▶ [Task details]:
Exactly as written, output the lines below starting from the first and ending with the line that contains "OM GEMS Diamant"; omit pictures.

▶ [Captioned web images]:
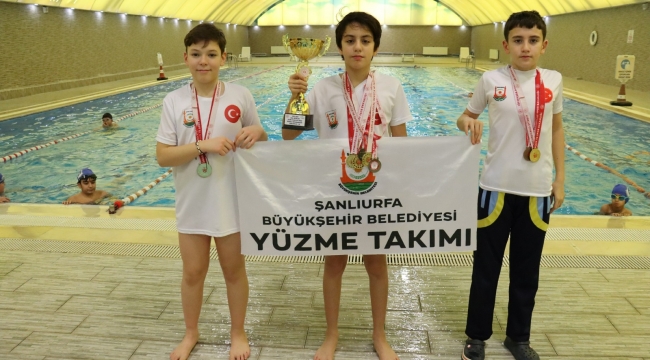 Şanlıurfa Büyükşehir Belediyesi'nden Yüzmede Büyük Başarı: 1 Kupa, 48 Madalya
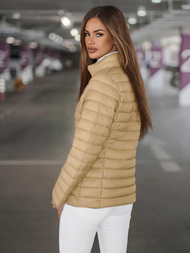 Chaqueta de mujer beige OZONEE JS/16M9111/254Z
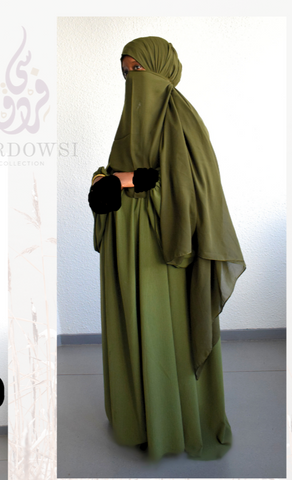 Instant Maxi Hijab - Khaki Green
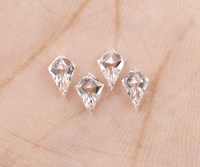 OM GEMS Diamant de laboratoire cultivé 0,35 CT Couleur E-F 4,0x2,7 Taille Kite Perforé au laser Diamant de mêlée non monté pour la fabrication de bijoux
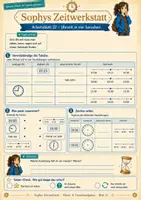 Vorschau - Arbeitsblätter - Sophys Zeitwerkstatt – Uhrzeit im Alltag anwenden | 10 Misch- und Transferarbeitsblätter - Seite 3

▶ [Task response]:
 Şanlıurfa Büyükşehir Belediyesi'nden Yüzmede Büyük Başarı: 1 Kupa, 48 Madalya
 Chaqueta de mujer beige OZONEE JS/16M9111/254Z
 Instant Maxi Hijab - Khaki Green
 OM GEMS Diamant de laboratoire cultivé 0,35 CT Couleur E-F 4,0x2,7 Taille Kite Perforé au laser Diamant de mêlée non monté pour la fabrication de bijoux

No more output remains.